Success

7 Lessons Learned: Darren A. Smith, founder of Making Business Matter

Darren A. Smith, founder of Making Business Matter, Dragon’s Den casualty and author looks at the seven lessons he has learned since starting his business, with the benefit of hindsight.

Darren A. Smith is the founder of Making Business Matter. A training provider to the UK grocery industry. They help suppliers to the big four supermarkets to develop the soft skills that will secure them more profitable wins. Their unique training method, Sticky Learning®, ensures that their learners are still using their new skill 5 months later, which enables them to guarantee a measurable return on your training investment. Darren also claims to have made probably every mistake a SME owner can make. You can learn a lot from his mistakes…

1 The business books were right!

My bookshelf is stacked with books. Business books. A means to be better, be faster, be happier, be awesome, be extreme. You get the idea. My advice is to read. That’s obvious. The harder part is to find one thing that the book says and do it. Do it until it becomes second nature. I realised that I was always trying to re-invent, challenge, or do it differently. On the things that don’t matter, learn it and do it the way they said.

2 People will criticise

Those that haven’t got the guts to try something will always be your greatest critic. They always knew the answer, knew that you shouldn’t have done that, that this or that would end in failure. Those people are hard to ignore because there is always a piece of you that knows they could be right. My advice – Do it anyway. Use their energy to prove them wrong. To show them that you could, you did, you made it happen. Of course they’ll never be around when you succeed, but hey, you’ll know.

3Branson’s advice

Of all the great things that Richard Branson has proven the piece of advice that I like most is, ‘If someone offers you an opportunity and you don’t know how to do it, say yes and figure  it out afterwards’. I like this piece of advice most because so many times there are a million reasons not to, but one reason to, because you think you can you can. Believe that and make it happen.

4Working 100 hours per week isn’t the answer

I worked in excess of 100 hours per week because I thought I had to. My children were small and I regret those days. The days when I only saw my family on a Sunday afternoon having worked every day and every evening, and then I was too wasted to do anything useful. As a SME owner you’ll work hard. You expect to and of course you will. Just know that hours is not the only answer. I learnt Brian Tracy, the time management guru’s lesson the hard way. I was trying to do everything. I’d forgotten that I was paid a lot more per hour than others on my team, so why was I doing the £15 per hour work? Shouldn’t a person being paid £15 per hour doing £15 per hour work?

5Get the support of a great tech company behind you

Thinking about the stress I have spent on technology stresses me even now! My advice is to get a great IT support company.

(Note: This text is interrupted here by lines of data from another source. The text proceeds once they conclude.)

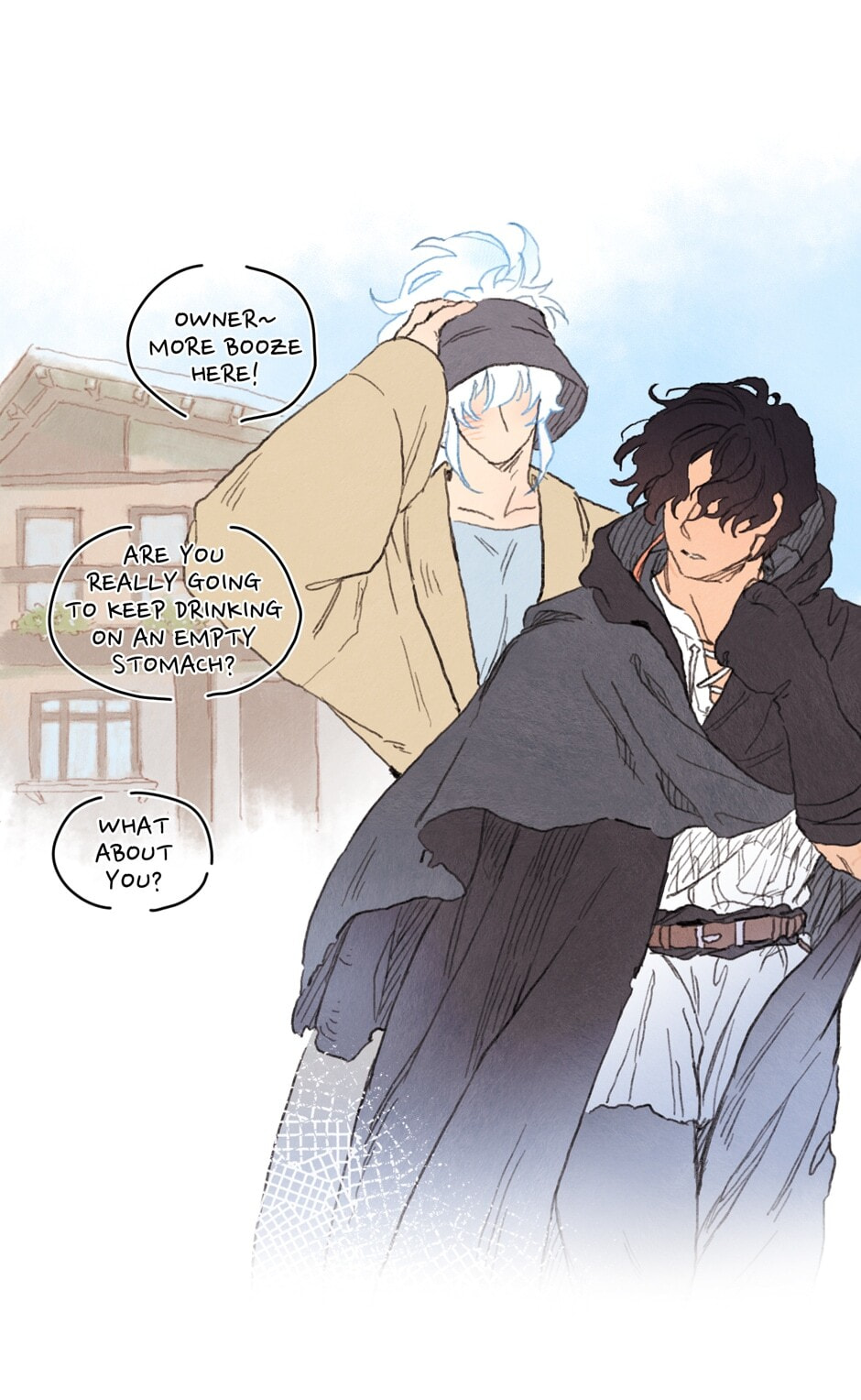 Read Rix Vanus chapter 80 image 25 on Lezhin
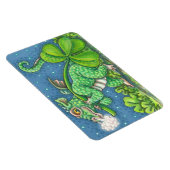 ST. PATRICK'S DAY LITTLE IRISH DRAGON FANTASY MAGNEET (Rechterzijde)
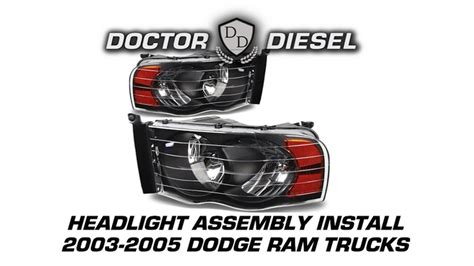 2005 Dodge Ram Headlight Bulb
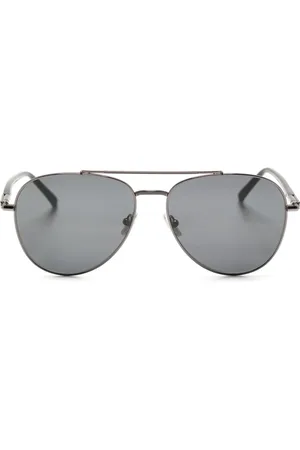 Salvatore Ferragamo Gafas de sol SF316S con montura redonda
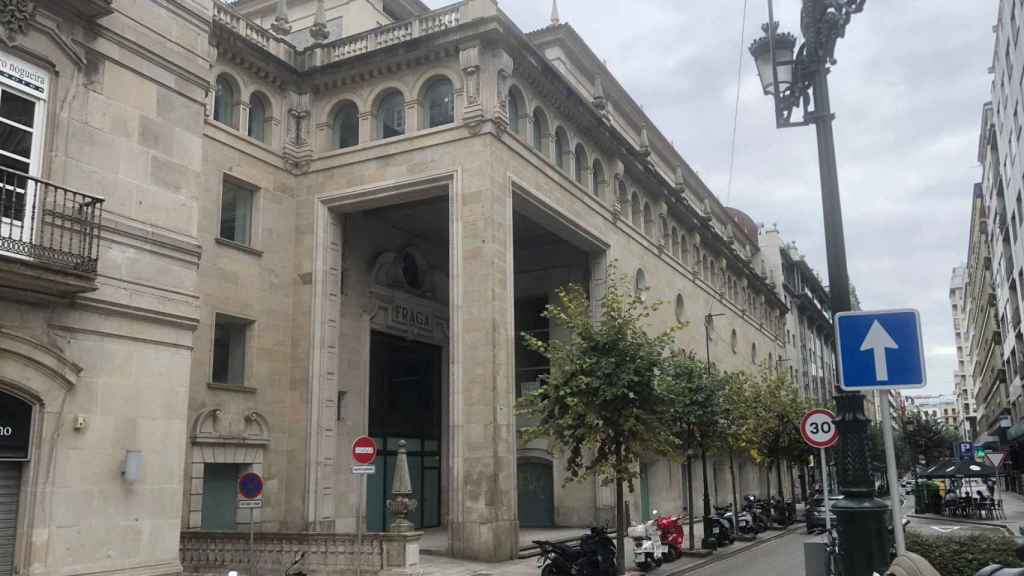 Edificio de los Cines Fraga, en Vigo.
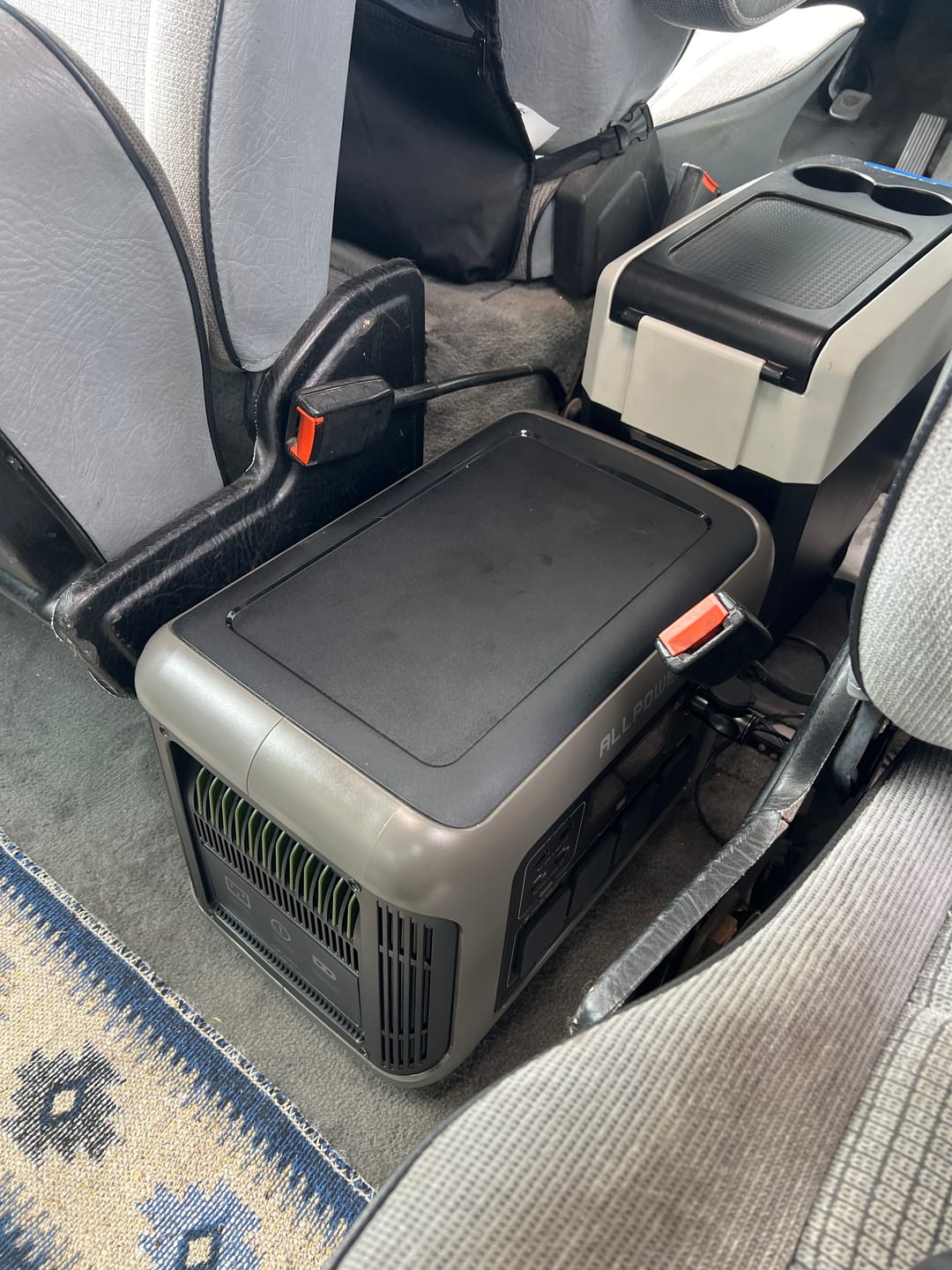 Customer photo review of ALLPOWERS R1500 Lite Tragbare  Powerstation | 1600W 1056Wh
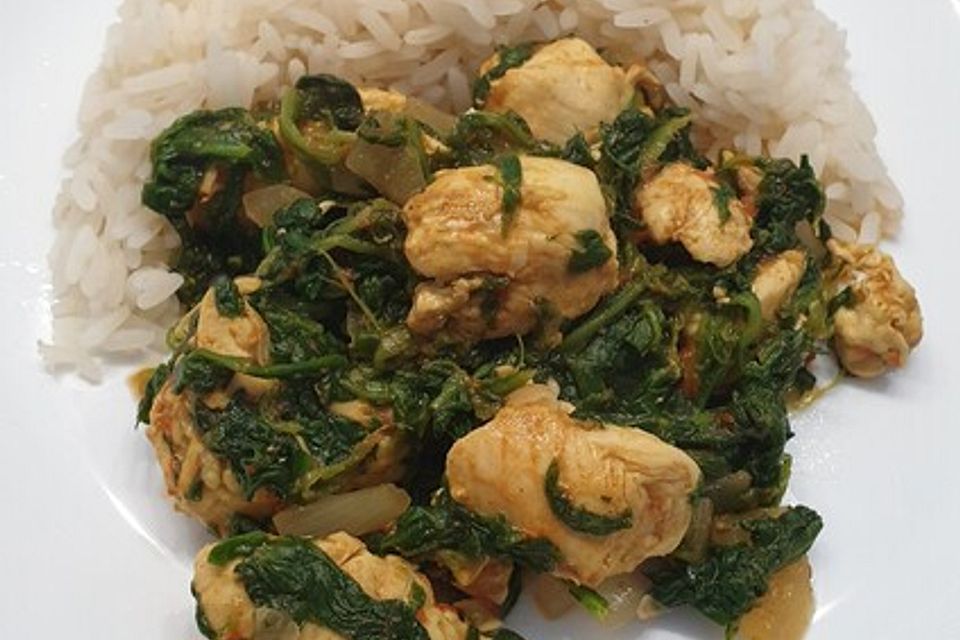 Saag Chicken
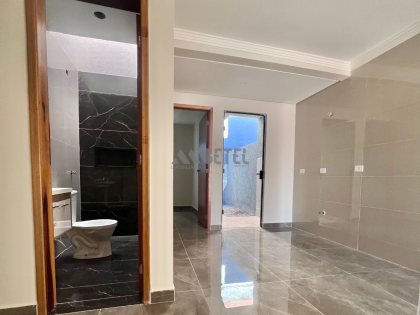 Casa com ático, suíte e varanda ampla no Campo de Santana — pronta para morar!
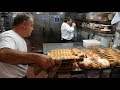Heat Of The Master Bakers Bakery Baking 100 S Of Breads At 6 00am In The Morning At Camden Bakery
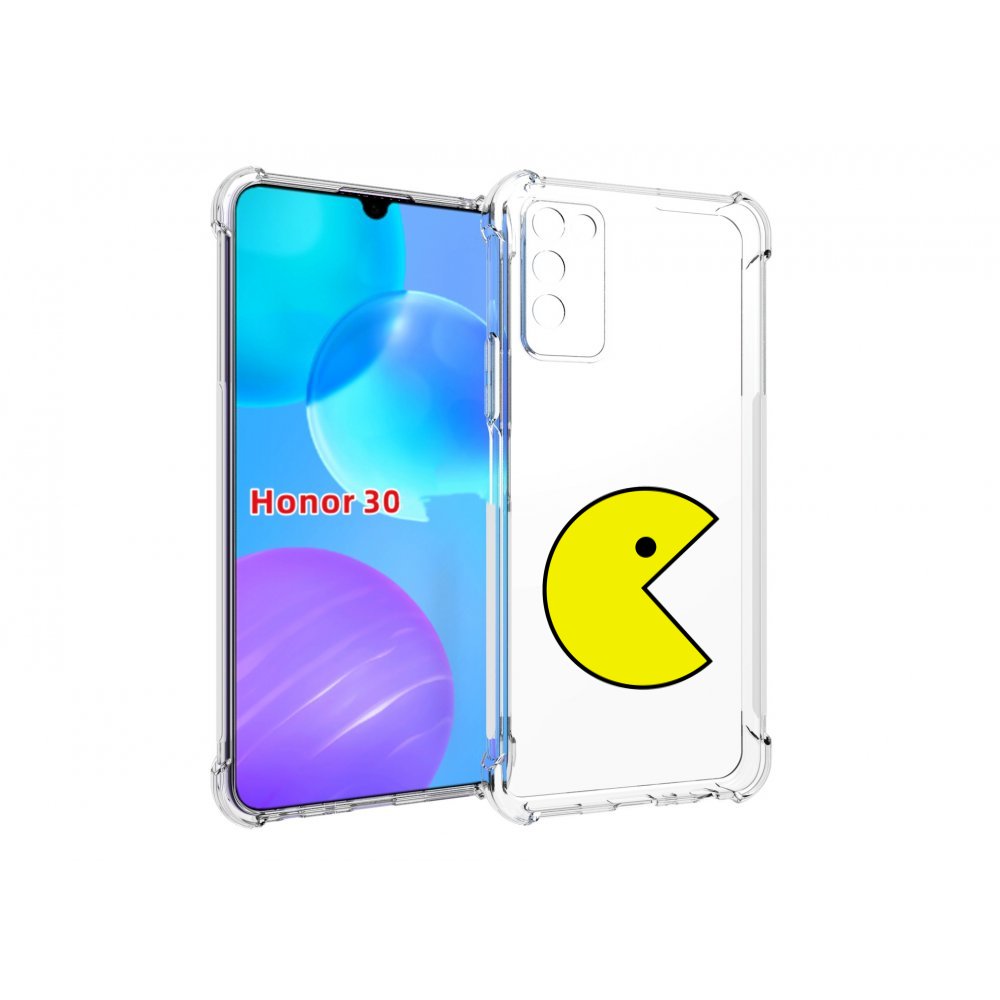 Чехол MyPads pacman-пекмен для Huawei Honor 30 Lite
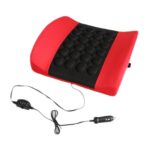 Coussin de massage lombaire électrique 12 V pour voiture – Image 2
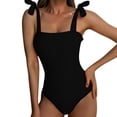 thumbnail image 1 of Fvwitlyh Chemise de Bain Femme Maillot de Bain une Pièce Imprimé à Lacets, 1 of 4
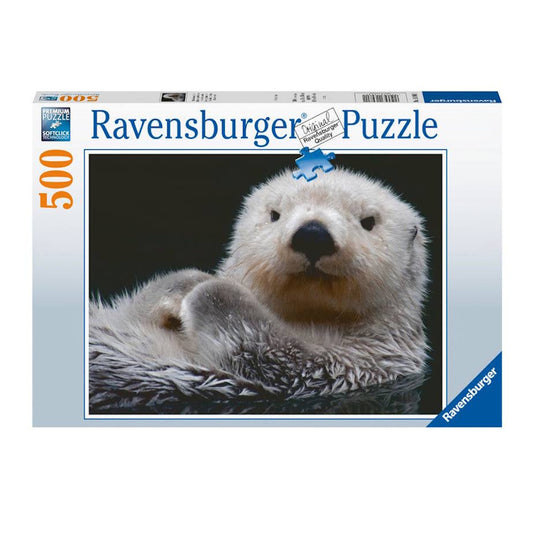 Ravensburger 500 Piece Puzzle - Adorable Little Otter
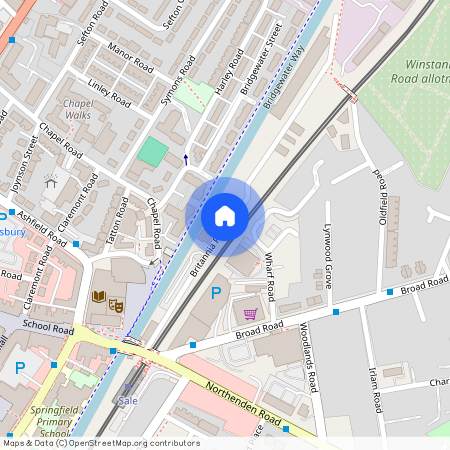 Britannia Quay, Sale, M33 2NY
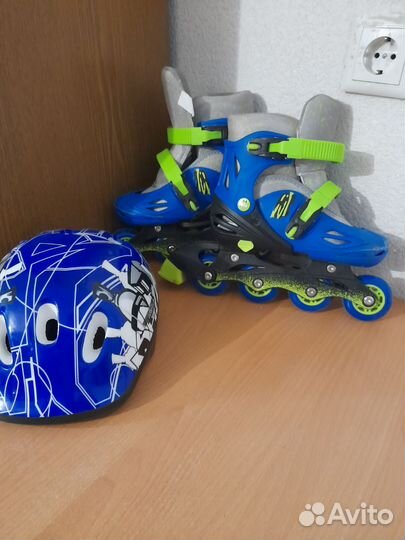 Ролики детские раздвижные 30-33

I have witnessed the downtime I and others on my team have spent getting frustrated with technology and it hurts to think that we were trying to save money, yet the time we spent on the wrong technology, upgrading the right technology, or getting technology to talk to each other, was insane. A great IT support company is essential.

6Don’t allow your thinking to be too insular

Great mentors are invaluable. As a SME owner one of the key concerns is that you wrap ‘yes’ people around you and you start to believe your own hype. You need people that will constructively criticise, will not believe everything you do is brilliant and will offer the experience that you might not have. A sales mentor, an online mentor and a people mentor is what I have and I wouldn’t be here without their advice.

7Become a student of time management

No matter what you do, what you want, what you have, time management is the key to the answer. I worked in a corporate office for 13 years. I did what everyone else did. I switched on my emails when I walked in, went to meetings, did my emails throughout the day, and never really got to the really important stuff. Leaving, I decided that if I was to make my business successful then I had to be conscious of how I spent my time. This worked and didn’t work for years until I read Brian Tracy’s ‘Eat That Frog’ book and then it all just started to click into place. My last piece of advice is that if you ‘don’t have time’, then turn your car into a university and listen whilst you drive.